* [Required work]
Write out all the entries word for word, but skip any images.

═══ Data provided ═══

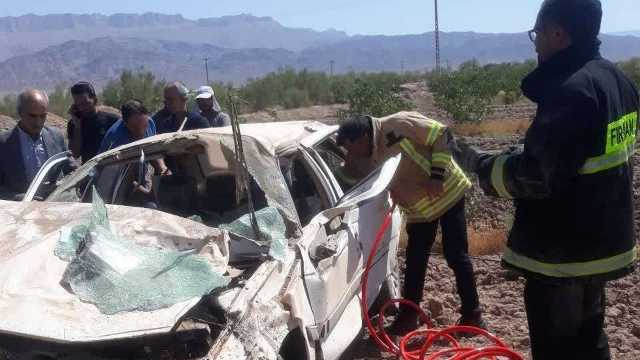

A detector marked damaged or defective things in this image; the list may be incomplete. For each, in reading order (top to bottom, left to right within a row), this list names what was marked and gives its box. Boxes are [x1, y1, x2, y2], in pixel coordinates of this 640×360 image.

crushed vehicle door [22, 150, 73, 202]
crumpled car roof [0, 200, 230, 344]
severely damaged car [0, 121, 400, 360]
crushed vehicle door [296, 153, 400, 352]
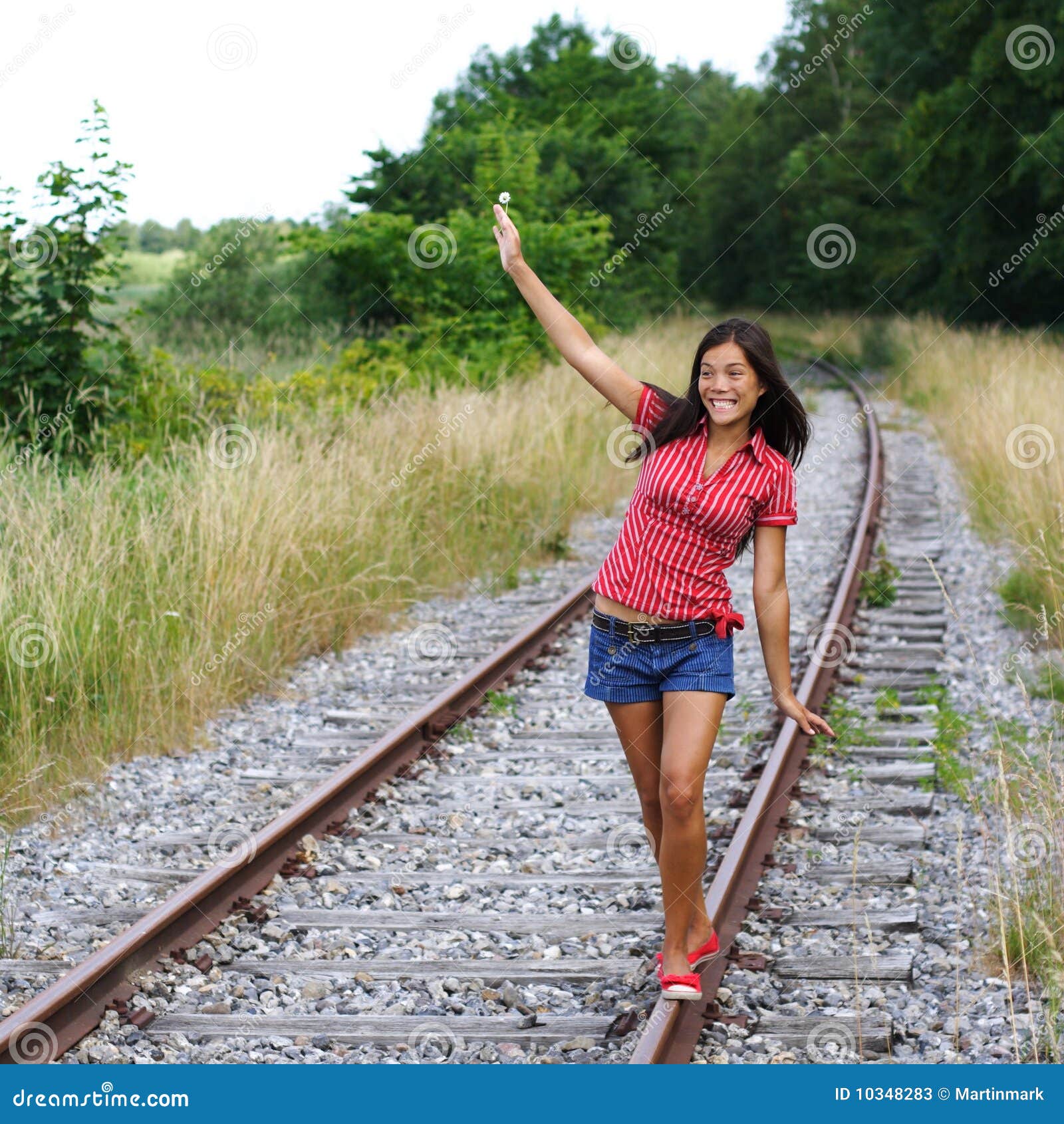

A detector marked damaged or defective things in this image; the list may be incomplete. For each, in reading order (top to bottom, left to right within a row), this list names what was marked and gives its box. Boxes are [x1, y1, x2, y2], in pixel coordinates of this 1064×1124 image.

═══

* [Solution to the exercise]
A detector marked damaged or defective things in this image; the list may be incomplete. For each, in reading order (top to bottom, left to right within a row), this list names what was marked and gives its box. Boxes are [x1, y1, x2, y2], in pixel coordinates of this 640×360 image.

crushed vehicle door [22, 150, 73, 202]
crumpled car roof [0, 200, 230, 344]
severely damaged car [0, 121, 400, 360]
crushed vehicle door [296, 153, 400, 352]

A detector marked damaged or defective things in this image; the list may be incomplete. For each, in reading order (top to bottom, left to right within a row), this list names what was marked and gives its box. Boxes are [x1, y1, x2, y2], in pixel coordinates of this 1064×1124 image.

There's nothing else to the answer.